::: Exercise data
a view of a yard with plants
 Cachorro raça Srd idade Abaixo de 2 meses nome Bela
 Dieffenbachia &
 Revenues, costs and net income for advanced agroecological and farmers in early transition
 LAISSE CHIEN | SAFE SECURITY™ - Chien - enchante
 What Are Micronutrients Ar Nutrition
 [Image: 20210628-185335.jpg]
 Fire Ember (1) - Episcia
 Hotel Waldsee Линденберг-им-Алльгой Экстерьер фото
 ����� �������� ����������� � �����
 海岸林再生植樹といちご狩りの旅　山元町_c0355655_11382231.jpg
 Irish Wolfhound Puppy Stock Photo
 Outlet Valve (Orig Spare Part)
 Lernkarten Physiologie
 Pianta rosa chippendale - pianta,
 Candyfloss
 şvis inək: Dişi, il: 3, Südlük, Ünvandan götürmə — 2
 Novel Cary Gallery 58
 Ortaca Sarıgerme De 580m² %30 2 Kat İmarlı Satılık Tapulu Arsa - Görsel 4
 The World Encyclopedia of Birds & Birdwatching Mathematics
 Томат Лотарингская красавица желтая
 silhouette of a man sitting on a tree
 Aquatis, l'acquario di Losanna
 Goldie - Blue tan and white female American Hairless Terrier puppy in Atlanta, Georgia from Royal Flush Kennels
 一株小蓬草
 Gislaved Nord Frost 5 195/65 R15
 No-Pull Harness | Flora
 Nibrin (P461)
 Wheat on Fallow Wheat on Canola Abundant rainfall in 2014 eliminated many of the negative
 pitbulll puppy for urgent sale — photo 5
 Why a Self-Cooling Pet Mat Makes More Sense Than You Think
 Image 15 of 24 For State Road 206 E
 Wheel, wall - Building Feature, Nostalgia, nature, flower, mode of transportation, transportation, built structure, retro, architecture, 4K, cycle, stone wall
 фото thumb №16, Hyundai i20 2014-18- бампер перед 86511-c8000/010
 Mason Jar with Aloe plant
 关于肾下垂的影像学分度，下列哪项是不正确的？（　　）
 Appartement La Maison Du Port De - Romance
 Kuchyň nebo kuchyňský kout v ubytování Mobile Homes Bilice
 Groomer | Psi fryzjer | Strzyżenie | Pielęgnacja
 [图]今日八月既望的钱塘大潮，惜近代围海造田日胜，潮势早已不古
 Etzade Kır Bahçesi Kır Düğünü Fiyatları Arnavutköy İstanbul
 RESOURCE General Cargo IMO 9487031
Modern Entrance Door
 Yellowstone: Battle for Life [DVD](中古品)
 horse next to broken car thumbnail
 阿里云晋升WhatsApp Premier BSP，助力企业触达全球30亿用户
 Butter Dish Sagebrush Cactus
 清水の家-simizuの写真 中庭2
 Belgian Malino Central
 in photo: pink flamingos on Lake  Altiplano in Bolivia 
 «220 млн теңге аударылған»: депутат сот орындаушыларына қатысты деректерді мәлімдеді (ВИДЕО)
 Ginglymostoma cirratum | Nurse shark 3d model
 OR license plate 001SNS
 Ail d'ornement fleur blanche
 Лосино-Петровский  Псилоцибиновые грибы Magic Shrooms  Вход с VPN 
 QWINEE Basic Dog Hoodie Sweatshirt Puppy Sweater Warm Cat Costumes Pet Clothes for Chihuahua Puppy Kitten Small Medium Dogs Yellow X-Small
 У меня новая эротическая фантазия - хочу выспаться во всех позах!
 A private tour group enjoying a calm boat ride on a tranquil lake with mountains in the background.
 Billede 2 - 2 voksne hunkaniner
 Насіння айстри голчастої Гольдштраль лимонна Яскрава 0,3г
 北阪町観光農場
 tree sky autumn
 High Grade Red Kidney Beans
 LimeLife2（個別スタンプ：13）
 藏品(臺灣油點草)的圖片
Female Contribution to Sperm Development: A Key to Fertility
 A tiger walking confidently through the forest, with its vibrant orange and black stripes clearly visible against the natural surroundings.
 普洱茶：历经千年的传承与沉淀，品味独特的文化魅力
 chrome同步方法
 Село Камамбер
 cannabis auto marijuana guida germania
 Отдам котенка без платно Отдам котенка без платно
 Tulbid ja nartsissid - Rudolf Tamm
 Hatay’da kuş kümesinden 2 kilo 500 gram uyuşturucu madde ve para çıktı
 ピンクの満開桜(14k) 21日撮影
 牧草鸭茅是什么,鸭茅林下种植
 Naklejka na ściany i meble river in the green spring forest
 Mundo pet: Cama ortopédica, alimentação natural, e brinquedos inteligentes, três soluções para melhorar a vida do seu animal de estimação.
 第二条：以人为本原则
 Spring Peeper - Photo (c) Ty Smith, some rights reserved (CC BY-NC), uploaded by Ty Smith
::::::
### [Exercise directions]
From the listing, tally every line with the word "фото" in it and give only the tally.

### [Result]
2